(Stored data)
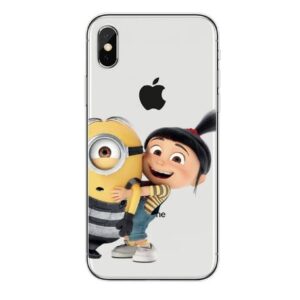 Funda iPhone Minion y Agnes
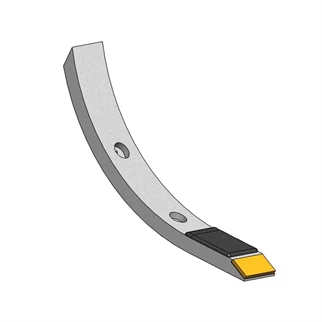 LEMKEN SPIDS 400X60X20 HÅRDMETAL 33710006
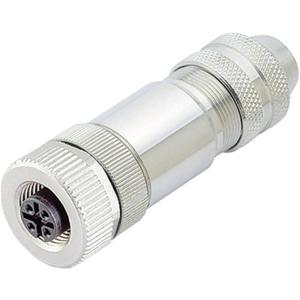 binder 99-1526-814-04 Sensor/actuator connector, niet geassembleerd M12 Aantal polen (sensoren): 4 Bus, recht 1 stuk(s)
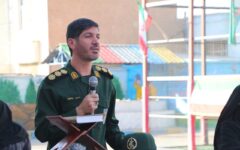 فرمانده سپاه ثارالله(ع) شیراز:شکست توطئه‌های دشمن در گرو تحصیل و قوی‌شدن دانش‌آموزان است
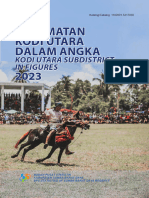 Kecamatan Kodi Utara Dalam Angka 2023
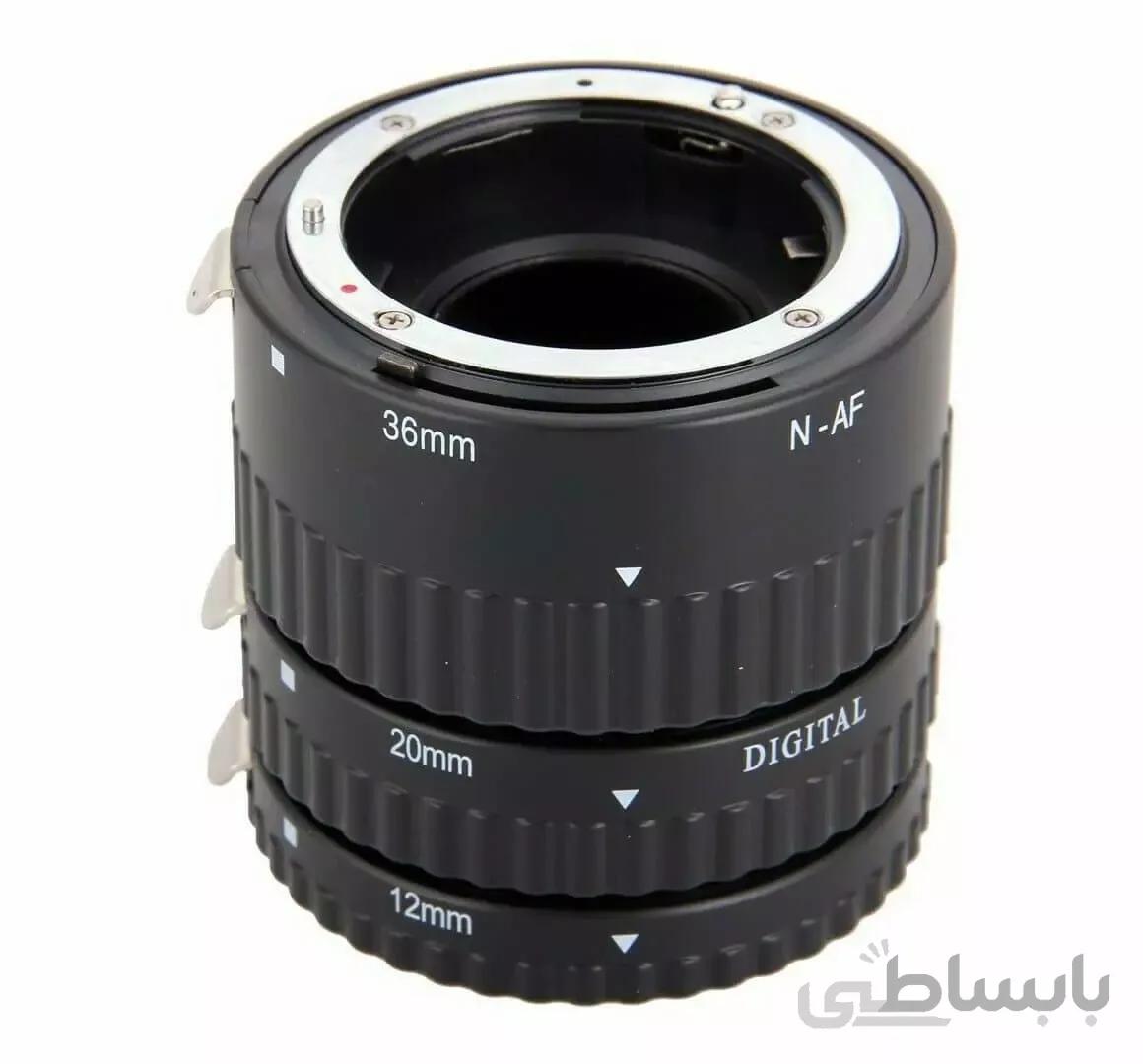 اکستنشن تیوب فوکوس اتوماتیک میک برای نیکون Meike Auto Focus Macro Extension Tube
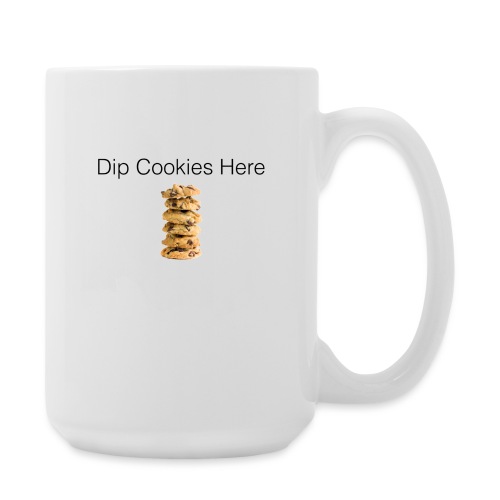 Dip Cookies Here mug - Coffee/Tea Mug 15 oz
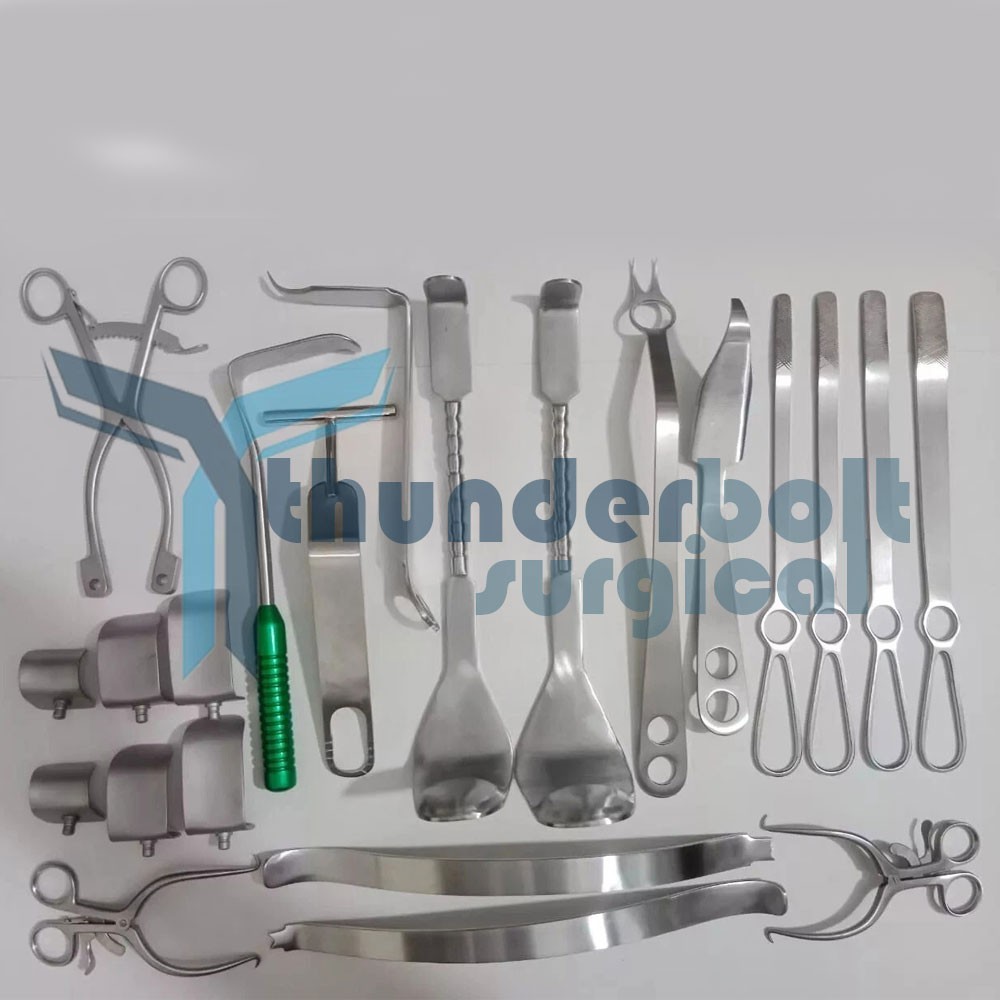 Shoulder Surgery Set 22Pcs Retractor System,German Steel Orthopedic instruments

* * *

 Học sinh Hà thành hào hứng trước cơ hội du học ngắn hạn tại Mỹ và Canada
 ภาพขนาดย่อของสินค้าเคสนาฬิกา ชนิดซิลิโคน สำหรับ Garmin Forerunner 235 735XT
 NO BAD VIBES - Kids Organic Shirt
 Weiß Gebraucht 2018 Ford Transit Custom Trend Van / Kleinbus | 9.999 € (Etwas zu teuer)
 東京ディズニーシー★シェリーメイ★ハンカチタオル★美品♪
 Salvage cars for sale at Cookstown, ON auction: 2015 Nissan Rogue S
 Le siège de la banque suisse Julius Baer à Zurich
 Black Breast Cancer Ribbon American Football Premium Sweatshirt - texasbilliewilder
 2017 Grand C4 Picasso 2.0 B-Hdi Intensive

# Description of the task
Going by the data above, give back only the lines from the one containing "اکستنشن تیوب فوکوس" through the one containing "Shoulder Surgery Set", exactly as they stand, both ends included and no images.

# Answer below
 اکستنشن تیوب فوکوس اتوماتیک میک برای نیکون Meike Auto Focus Macro Extension Tube
 Dip Cookies Here mug - Coffee/Tea Mug 15 oz
 Shoulder Surgery Set 22Pcs Retractor System,German Steel Orthopedic instruments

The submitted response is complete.